Documenting Culture: How it Moves

When I was in Johannesburg, I was engaging with artists, designers and creative directors whose work was already operating at a global level. What stood out was not just their talent, but the clarity of their vision. They had a strong sense of authorship from the beginning.

Trevor Stuurman is not just a photographer. He is an internationally recognised creative director; a Forbes 30 Under 30 honouree and TIME Next Generation Leader whose work spans global campaigns, museums and institutions. His images don’t explain African life from the outside; they define it from within.

That same authorship is evident in Thebe Magugu. As the first African to win the LVMH Prize, his work exists at the highest level of luxury while remaining rooted in narrative. He uses garments as a way to archive history and identity. With Lulama Wolf, that authorship takes another form. Her work moves across cities through major art fairs and collaborations. She builds abstract worlds shaped by spirituality, architecture and memory.
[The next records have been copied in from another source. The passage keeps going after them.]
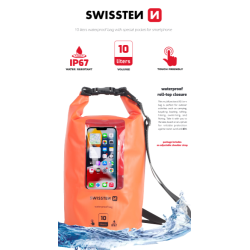 SWISSTEN 32900820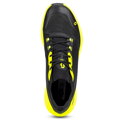 SCOTT Supertrac RC 3 black yellow trailová bežecká obuv 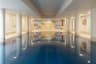 The Merrion Hotel Spa and Health Club
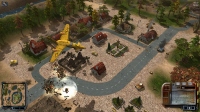 Первые детали S.W.I.N.E. HD Remaster Первые детали S.W.I.N.E. HD Remaster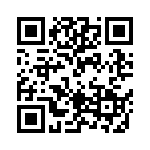 PVC6E105C01B00 QRCode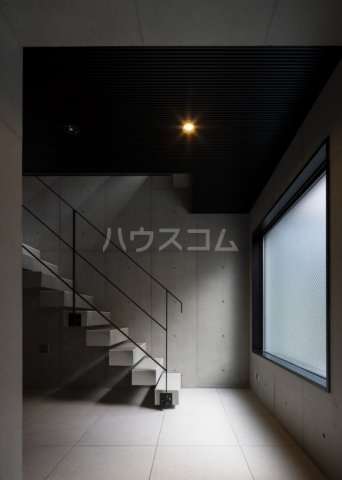 13/17 その他画像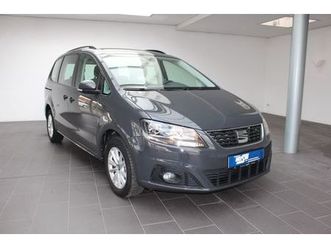 seat-alhambra-1-4-tsi-style-kamera-tempomat-navi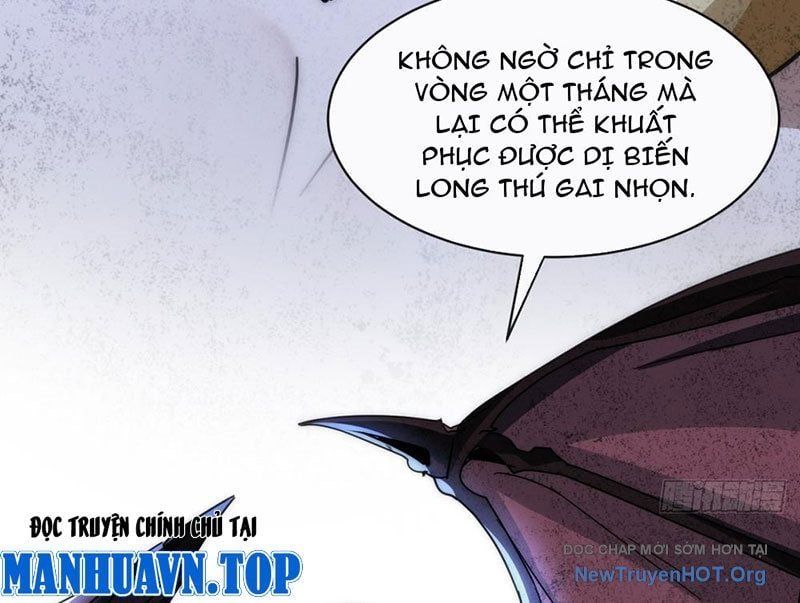 đọc truyện Phản Phái Quật Khởi Trong Trò Chơi Tận Thế Chương 9 ảnh 116 tại Thiên Thai Truyện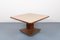 Monumental Table from Rud. Rasmussen, Denmark, 1950s 2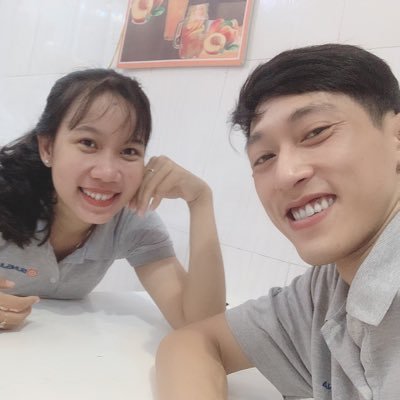 huy_hoang30612's profile picture. nhớ em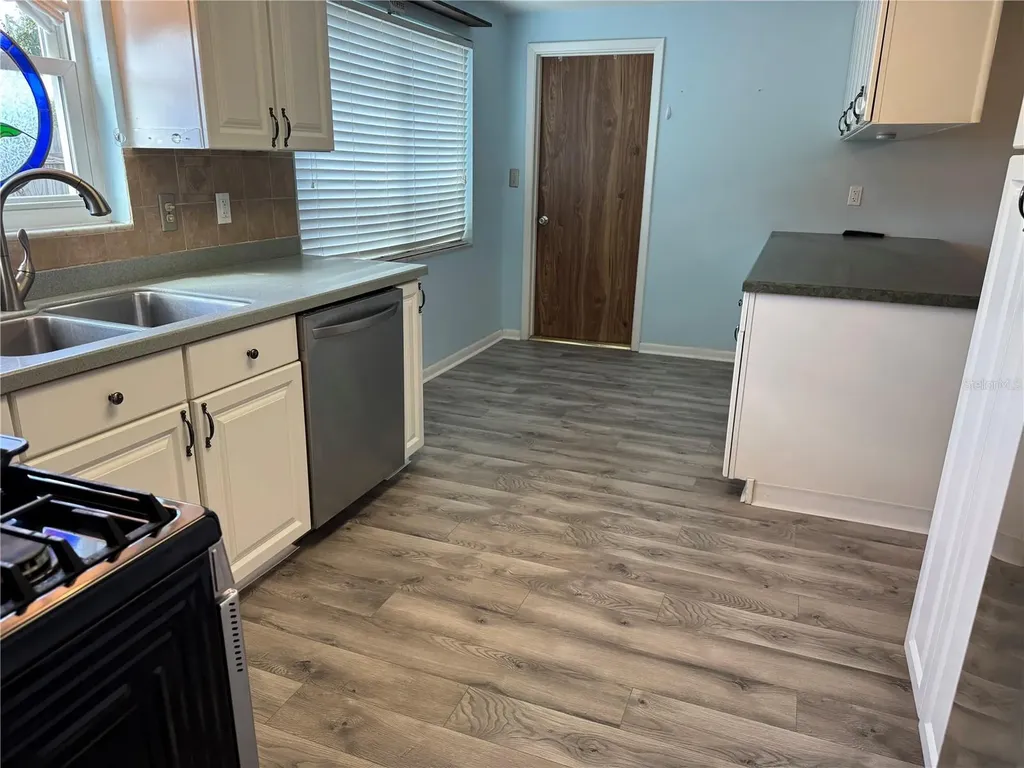 11296 90th Avenue Seminole FL 33772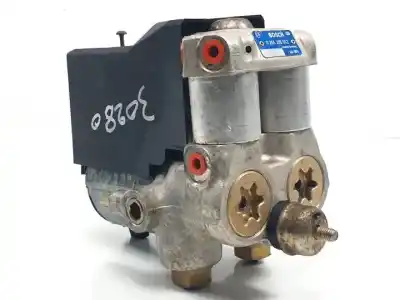 Pezzo di ricambio per auto di seconda mano abs per bmw serie 5 berlina (e34) m51d25o0 riferimenti oem iam 0265200062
Taken together, the work was already intentional and global in its thinking. That was my point of entry.

Now I’m based in London, but what I’m observing is not confined to one place. What’s becoming visible is a network of constant exchange between Johannesburg, London and New York. Ideas don’t stay fixed, they move and shift.

You feel it in real time. One moment I’m at a listening session for Kanye West, the next I’m at the Schiaparelli Fashion Becomes Art exhibition where fashion is positioned as history. One night it’s Roc Marciano at the Jazz Café which is intimate and deliberate. Another, it’s Rick Ross in Camden which is scale and spectacle.

These moments don’t sit in isolation. They speak to each other. Across cities, there is a clear shift in what is being valued.

In fashion, the emphasis has moved away from status and toward storytelling. Designers are less concerned with fitting into established categories and more focused on constructing narratives that travel. Materials and references are used intentionally to express identity, not nostalgia.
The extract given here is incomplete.